In this case the above described technique will not work. Too much interference from the screens
prevents people being identified as different objects than the screens. This problem is solved in Trajets by
changing the environment and the sensing configuruation. In Trajets, moving screens hang about 1
foot off the ground allowing cameras to look underneath the screens without
interference. The addition of rope
lights around the outside edge of the piece allows the camera’s to
“see” in an otherwise dark environment. The cameras see people’s feet back lit by the rope
lights underneath the moving screens.
Once someone’s feet are seen in both cameras, it is easy calculate
their position in the room.
However, this technique breaks down as more people enter the room
because of difficulties matching objects from two camera views.
In summary, the process
of creating a situation where the computer can understand what is happening in
an environment is creative effort that involves several kinds of
activities. In general these
activities are as follows. Write
down what is known about and environment and what can be assumed. Based on these assumptions, decide on how the computer is going to
distinguish interesting objects from uninteresting objects. This will constrain camera views and
positions, and background content.
Impose any environmental changes that you can in order to enhance the
computer’s ability to distinguish interesting objects. This involves changing lighting,
background, or costumes.
Then, decide on the
processing technique that will best work in the environment.
Once information is
extracted from a scene this information is then used by the computer to make
decisions. Often this involves
transforming the data from one range to another, processes that decide when
actions or activities occur, or the application of a series of ongoing test
that fire rules.
The transformation
process is where the computer takes extracted environmental information and
converts this into intentions for action.

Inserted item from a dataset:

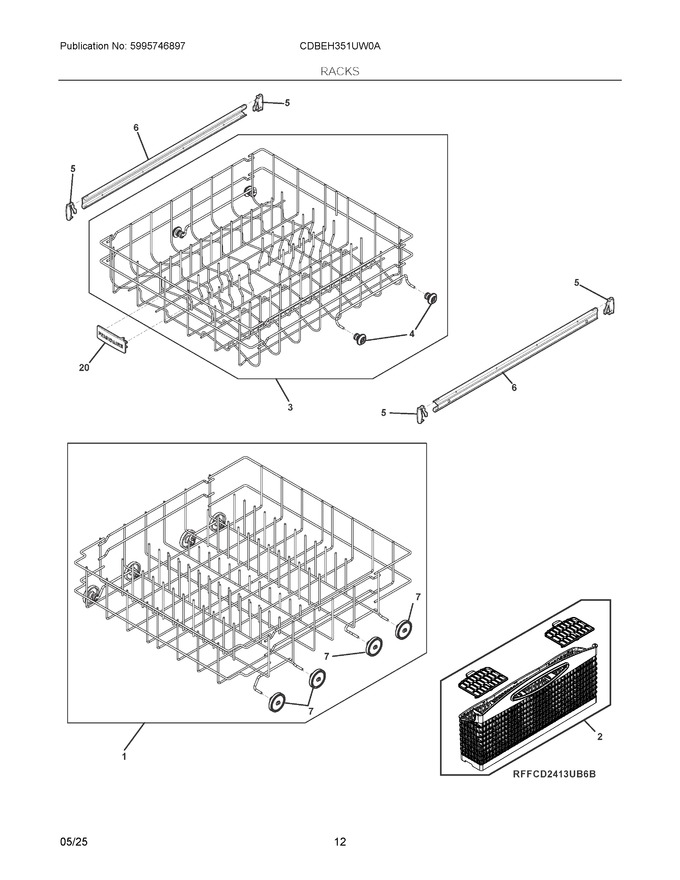 Diagram for CDBEH351UW0A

It is the part of the process where everything is represented virtually
in the computer. Environmental
information has been abstracted to a set of numbers that are representations of
the real state of the environment.
Actions that the computer will take as a result are also created and
manipulated as numbers and algorithms that are implemented by controller and
rendering processes down the line.
Because numbers are
abstractions of real things, there are difficulties in matching up one
abstraction with another. For
instance if a relationship between pixel values and a sequence on video is
desired, there is a difference between their abstracted representations that is
handled in the transformation step.
If pixels in images are values between 0 and 255, and DVD frame numbers
are values between 34,000 and 34,600, some correlation needs to be
established. This relationship
could be as simple as: “if the pixel values go above 128 then play frames
34,000 to 34,600”. This
rule, establishes a relationship between pixel intensity, and frame numbers
(most likely within a particular time frame established by another rule).
The goal of a vision
understanding system is to provide the computer with a means to interpret
actions that are occurring in the real world. This is a difficult task because the computer is unable to
recognize with any detail what is happening in a video image. The person creating the means for a
computer to understand part of an environment must make assumptions about the
structure and content of the environment in order to create algorithms to
extract information for the computer to use.